Task to complete:
Please give back only the lines below from the one containing "Colorful abstract brush" to the one containing "Tapiz de pared de ladrillo, decoración de fondo de pared", each repeated word for word, both ends included.

[Provided records — start]

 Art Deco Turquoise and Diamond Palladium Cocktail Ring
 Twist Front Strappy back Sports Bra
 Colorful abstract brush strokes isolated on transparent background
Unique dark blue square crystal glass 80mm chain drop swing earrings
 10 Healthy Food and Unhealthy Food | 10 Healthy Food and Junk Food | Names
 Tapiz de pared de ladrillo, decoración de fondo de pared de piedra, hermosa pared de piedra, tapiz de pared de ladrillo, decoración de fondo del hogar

[Provided records — finish]
[Provided records — start]

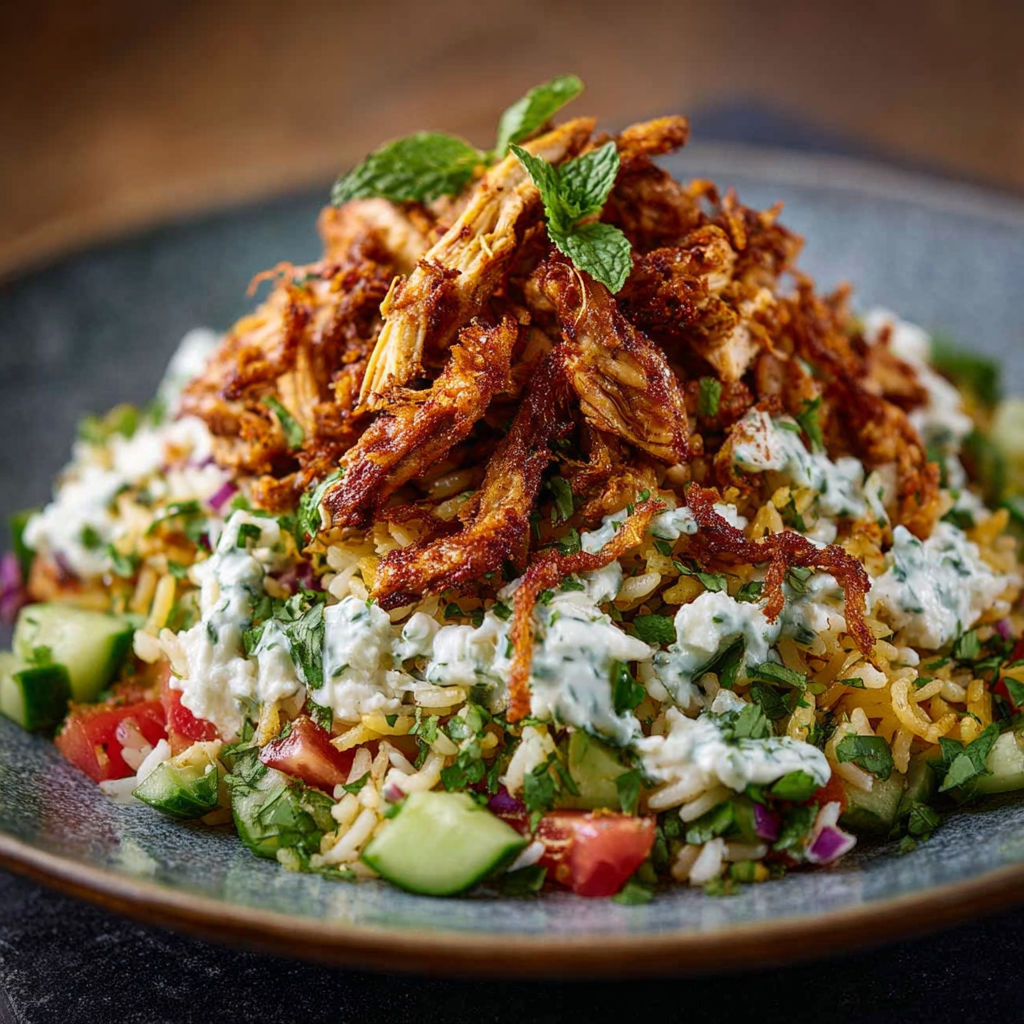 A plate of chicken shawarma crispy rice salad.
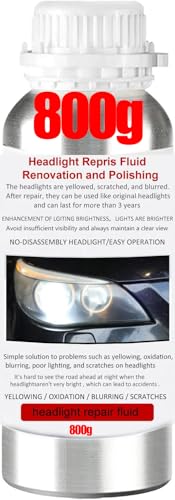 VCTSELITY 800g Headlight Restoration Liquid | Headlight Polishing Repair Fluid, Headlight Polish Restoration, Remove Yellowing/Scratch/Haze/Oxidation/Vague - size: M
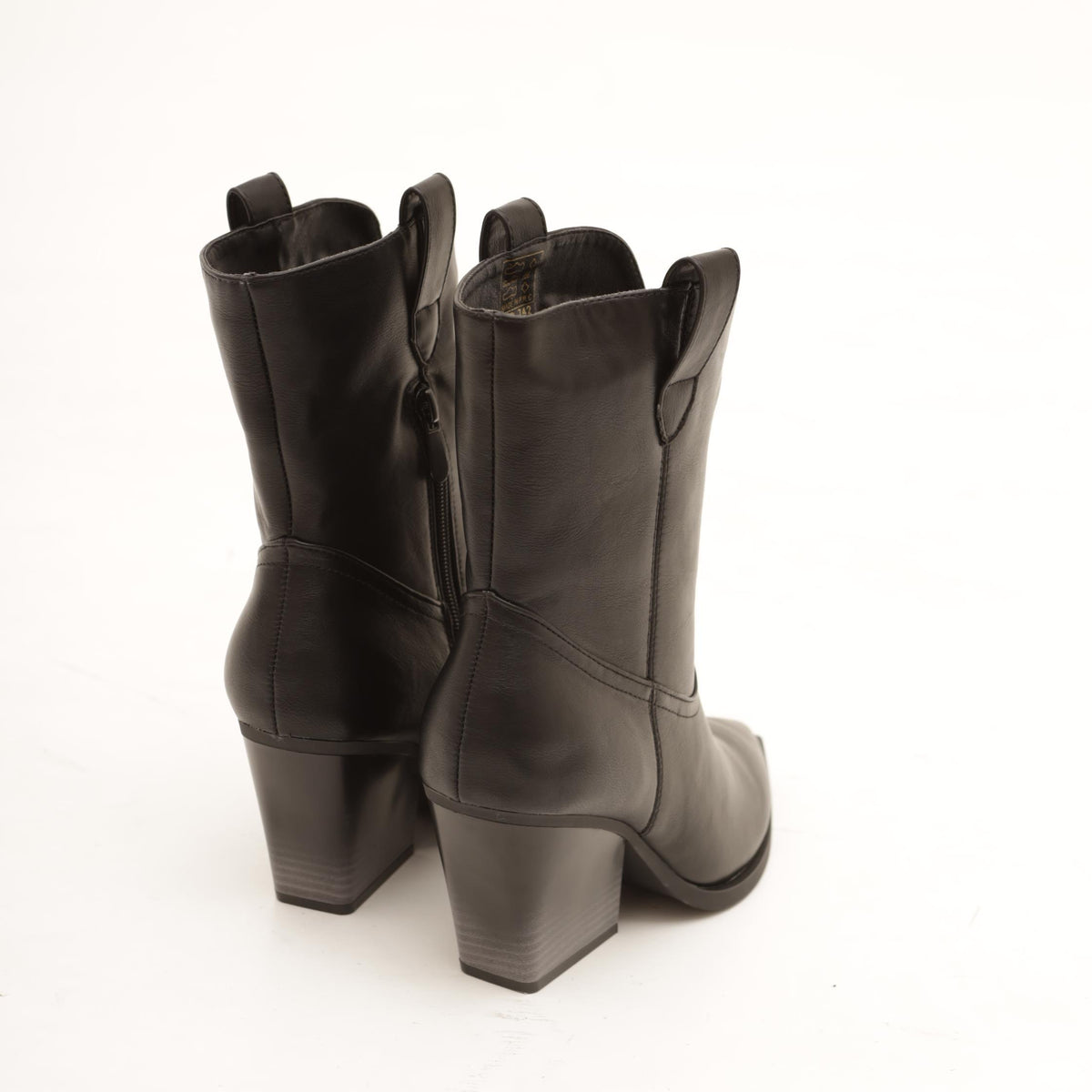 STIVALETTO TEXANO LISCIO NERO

[Provided records — finish]

Result of the exercise:
 Colorful abstract brush strokes isolated on transparent background
Unique dark blue square crystal glass 80mm chain drop swing earrings
 10 Healthy Food and Unhealthy Food | 10 Healthy Food and Junk Food | Names
 Tapiz de pared de ladrillo, decoración de fondo de pared de piedra, hermosa pared de piedra, tapiz de pared de ladrillo, decoración de fondo del hogar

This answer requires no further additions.